A unique business enterprise in the early days at Eureka Springs was the C. H. McLaughlin grocery, said to be one of the cleanest, best equipped and best arranged groceries in the United States. Mr. McLaughlin built “a better mouse trap” and the world made a beaten path to his door.

Another interesting project, located four miles north of Eureka Springs, was Elk Ranch, operated by Gen. Geo. W. Russ and the Riverside Land and Livestock Company from 1902 to about 1917. This ranch contained about 1,500 acres and the principal enterprise was the breeding of blooded horses. It received its name from the herd of elk that had the run of the ranch. This herd numbered about 130 at one time.

A recent project, built by Mr. and Mrs. A. W. Quigley on their farm four miles south of Eureka Springs is “Quigley’s Castle.” It has been called the Ozarks’ strangest dwelling. It is a large stone house with the outer walls covered with great flat stones set on edge and held together with cement. These walls are covered with small, colorful picture rocks and fossils which Mrs. Quigley picked up over a period of years. She engineered the building of the house and placed the rocks in position. These walls are a geological treasury.

The inside of Quigley’s Castle is a botanical garden and family home. The light enters through eight large picture windows. The rooms are built independent of the outer walls with the first floor three feet from the ground and a four foot space between wall and room. In this space grow many varieties of both tropical and Ozark plants such as rubber trees, rose bushes, oleanders and a banana tree. Some of these plants grow to a height of twenty-five feet, extending almost to the roof. The second floor has a waist-high railing built around the rooms to prevent stepping off into space. Small bridges permit passage across the chasm at points of entry.

The iron dog which once stood on the pedestal in the Basin Circle where the soldier monument now stands is a missing link in the Eureka Springs story. Photographs made from about 1907 to the early thirties show this dog. According to the old timers, this iron monster, which weighed 400 pounds, once belonged to a family named Squires and was an ornament in the yard of their home on the hillside at the rear of the Basin Park Hotel. One Halloween night about 1907 the boys moved the iron dog to the park and set it on the pedestal. In bringing it down the path back of the hotel they broke off its tail. The city authorities let it remain on the pedestal until in the thirties, when it disappeared and the soldier monument took its place. No one seems to know what became of the dog, but it is reported that it may be seen in the yard of a home at Springfield, Missouri.

Old-timers will remember “Old Chapultepec,” the cannon which was captured by United States troops during the battle of Chapultepec in the Mexican War and brought to Eureka Springs by General Powell Clayton when he located here in the early 1880’s. In 1933 J. Rosewater had an article on this old relic in an Arkansas newspaper. Quote:

“In the yard of the Missouri and North Arkansas railway at Eureka Springs, the wood in its once sturdy wheels so decayed they provide a very wobbly support, stands a muzzle-loading cannon, so old that few in this community know its history, or how it came to be in the depot yard.

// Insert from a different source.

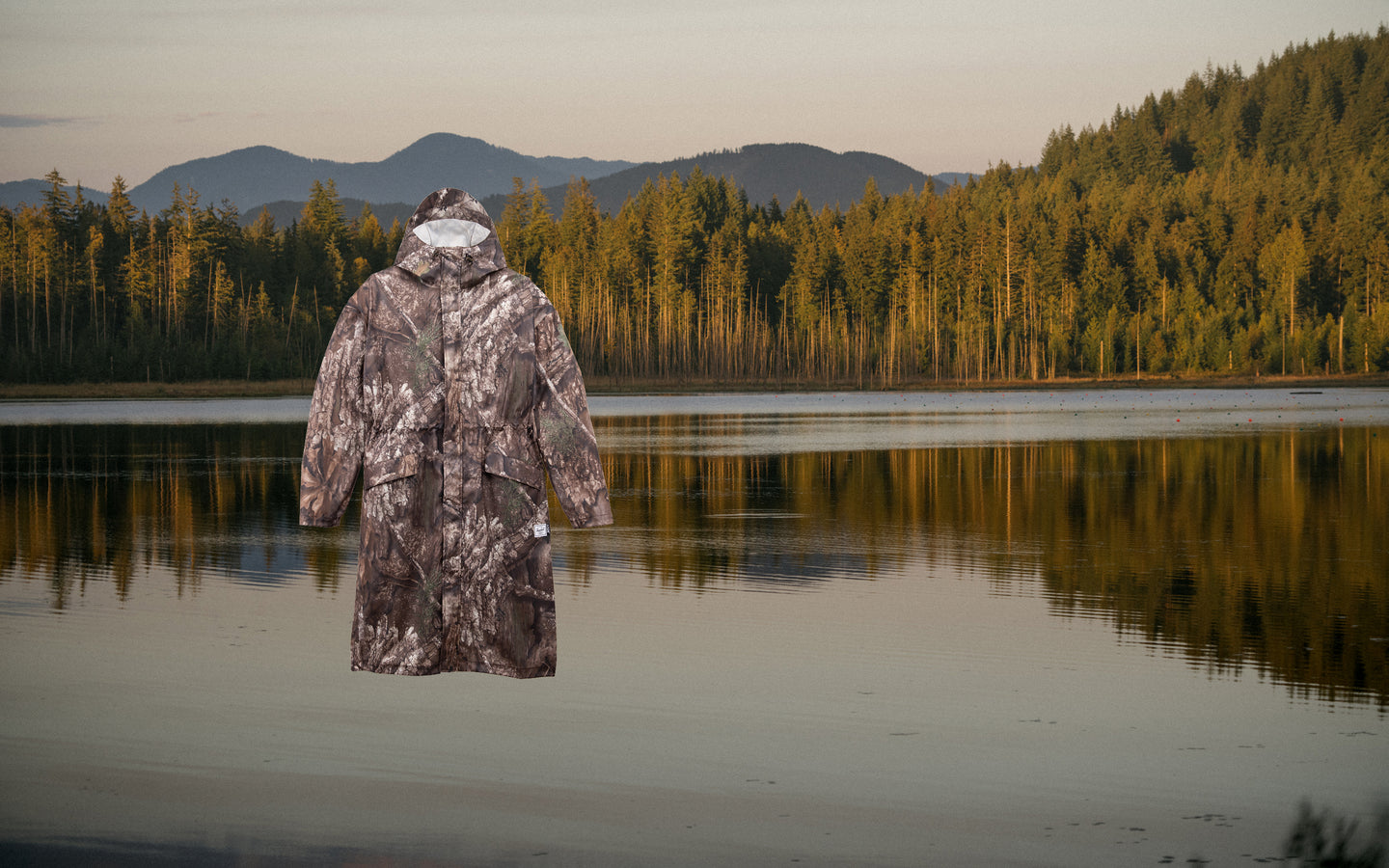 Realtree® Skeena Raincoat Women's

“Old-timers said the cannon was called ‘Old Chapultepec,’ and that it was captured by United States troops during the war with Mexico at the battle of Chapultepec in 1847. It saw service during the Civil war and was left at Little Rock, where Gen. Powell Clayton, Reconstruction governor of Arkansas after the Civil war, obtained it and brought it to Eureka Springs in 1882, while making his home here after he ceased to be governor.

“For years it was displayed at public places in the city and at one time stood on the lawn of the Crescent Hotel. General Clayton gave it to the city and it was moved to the depot, Clayton being interested in the Missouri and North Arkansas railway, which was known then as the St. Louis and Eureka Springs railway and terminated at Eureka Springs. Several years later a group known as the Civic Improvement Association built an inclosure and a pedestal for the cannon.